44. Codicil of final privacy elaboration
If any provision of this Policy is read alongside a shorter notice, banner, form label, invoice statement, payment-link statement, processor notice or customer-provided employee notice, the documents should be read harmoniously where possible. A short form label may identify the field being collected, while this Policy explains why the field is collected, what happens after collection, who may see it, how long it may be kept and what rights may exist. Where a shorter notice is inconsistent with this Policy, the parties should consider the context, the time of collection and any mandatory law applicable to the specific processing activity.
We may update this privacy architecture as the business changes. If we add account logins, live payment checkout, analytics, newsletter subscriptions, catalogue-download gates, customer portals, warehouse integrations, CRM automation, AI-assisted support, automated address validation or recurring corporate-gift programmes, the data flows may change and this Policy may be updated. A privacy notice is a statement of processing practices at a point in time and may be revised as operations, technology, law, vendors and payment requirements change. Customers should check the effective date when relying on the Policy for procurement, processor review or recipient notices.

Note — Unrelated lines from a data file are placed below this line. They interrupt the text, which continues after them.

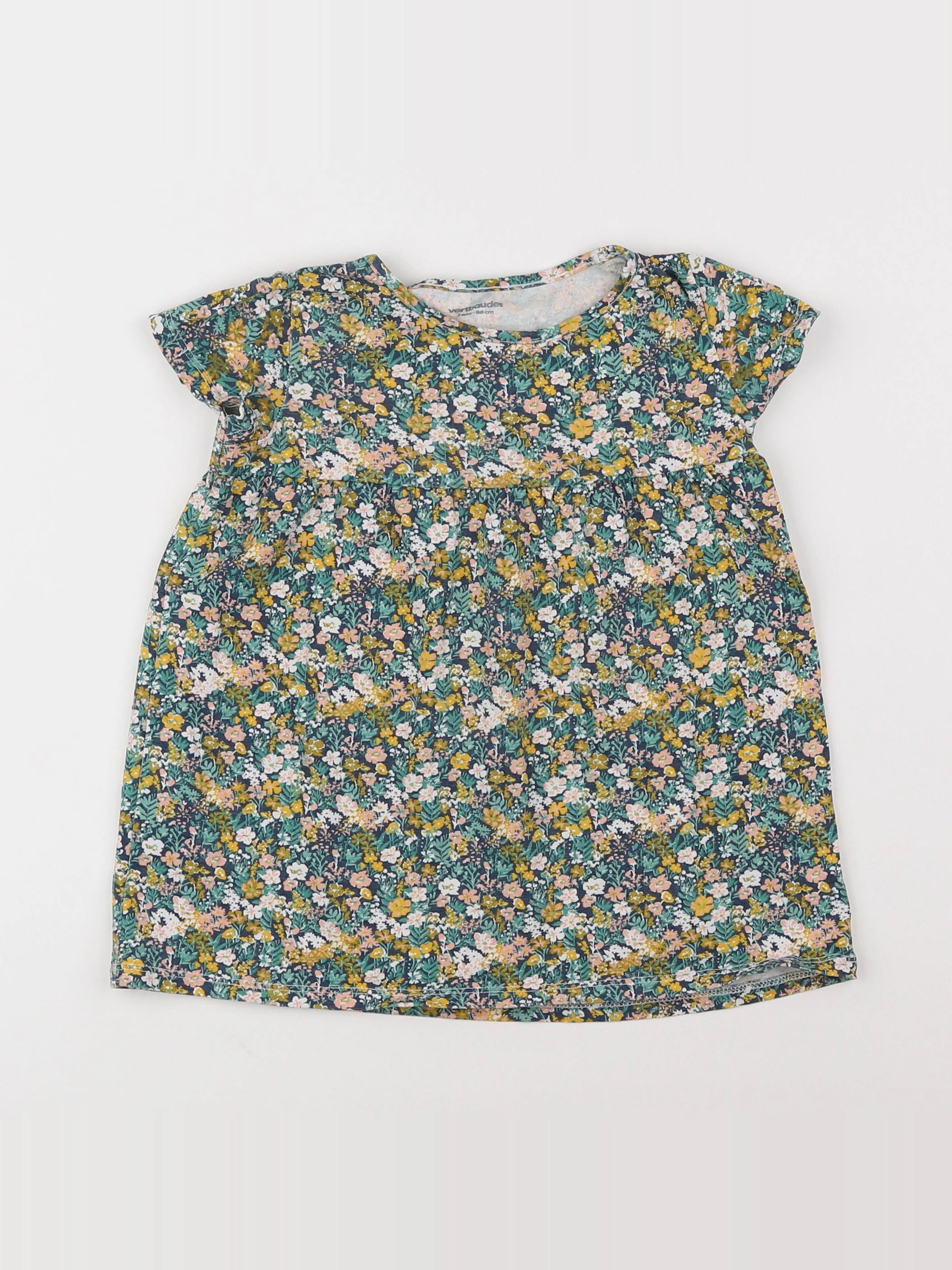 Vertbaudet - robe vert - 2 ans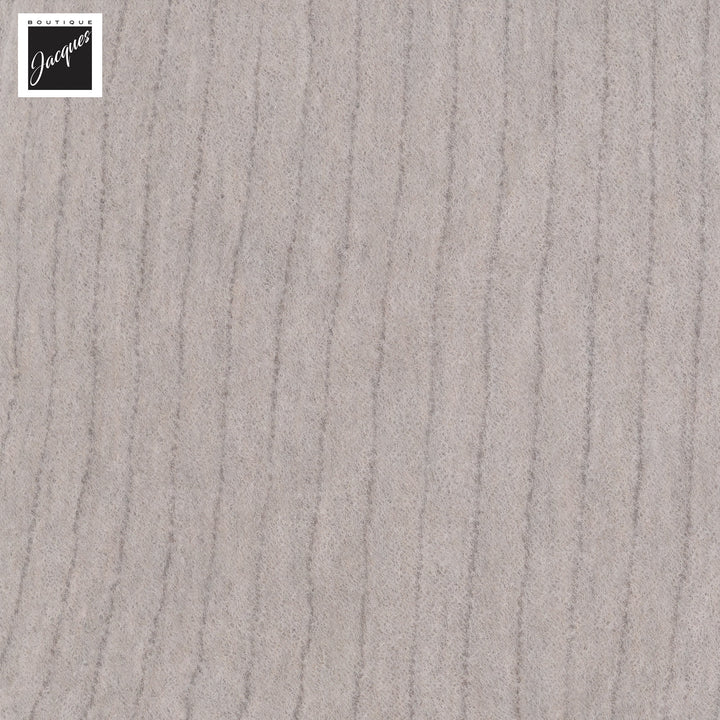 Oatmeal Pinstripe Air-Light Cashmere Scarf - Phil Petter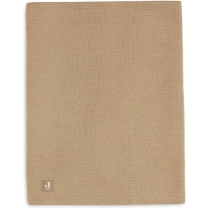 Jollein Wiegdeken 75x100cm Basic Knit - Biscuit/Fleece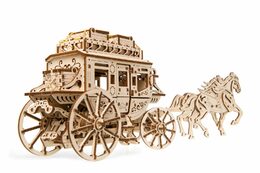 Ugears 3D dřevěné mechanické puzzle Dostavník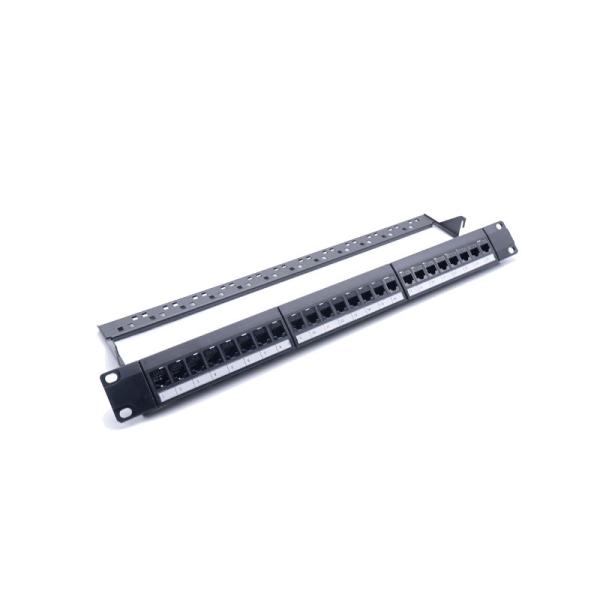 Quality 1U black 19" 24 Port rj45 STP CAT6 RJ45 Patch Panel running a small business for sale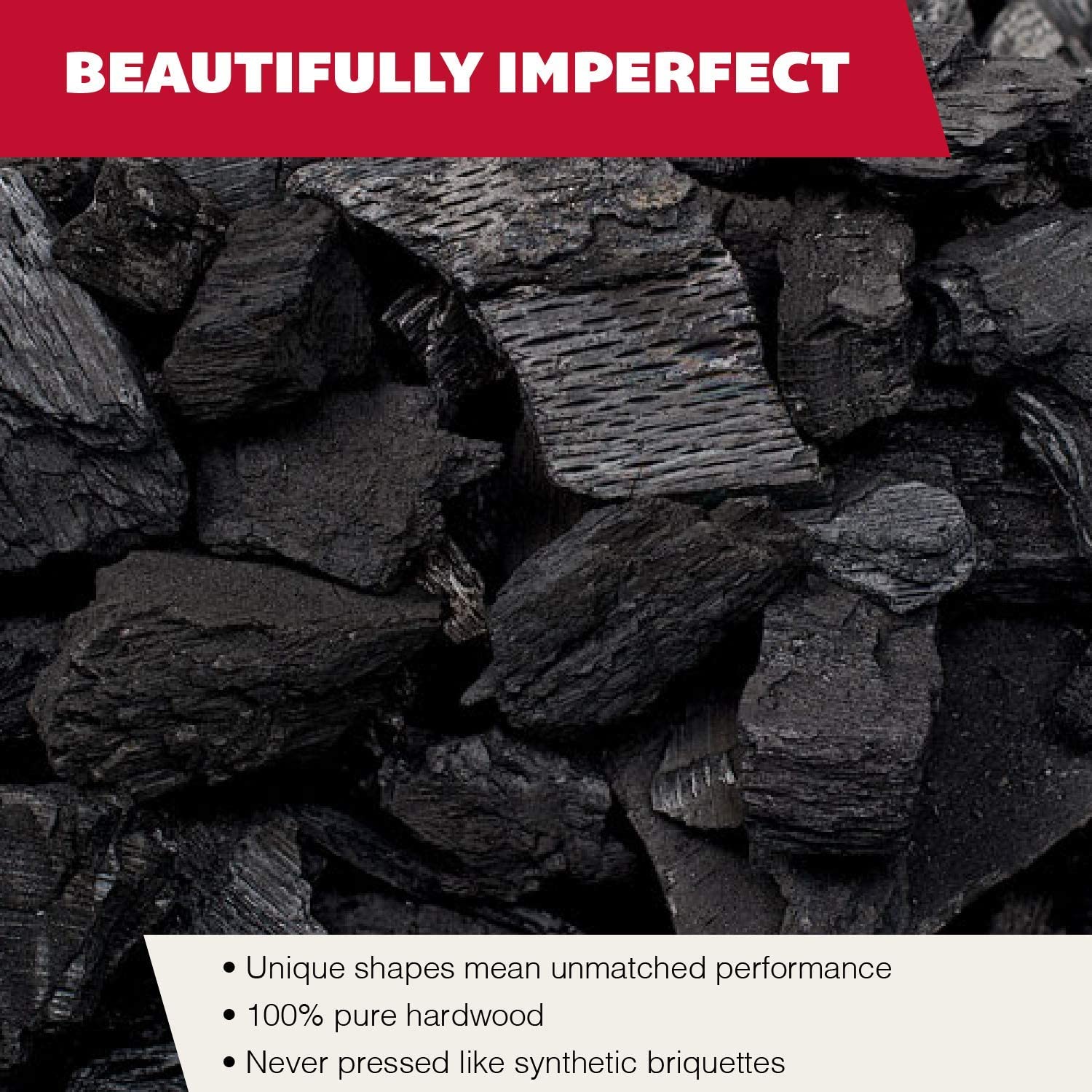 Rockwood All-Natural Hardwood Lump Charcoal size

The overriding rule remains minimisation. Send only the information needed. Use role-based business contacts where possible. Avoid sensitive data. Keep recipient lists accurate. Tell recipients what is happening where you control the relationship. Use secure channels for large files. Do not email payment credentials. Contact us early if something is wrong. These operational requirements are intended to reduce privacy risk, support accurate delivery, preserve payment and order records, and allow rights requests to be handled without unnecessary processing of irrelevant personal data.
Short operational summary: We collect the information needed to quote, customise, take payment for, pack and deliver corporate gifts. Payment providers such as Stripe or Airwallex may process payment and compliance data under their own terms. Do not email card details. Recipient lists should contain only what is needed for fulfilment.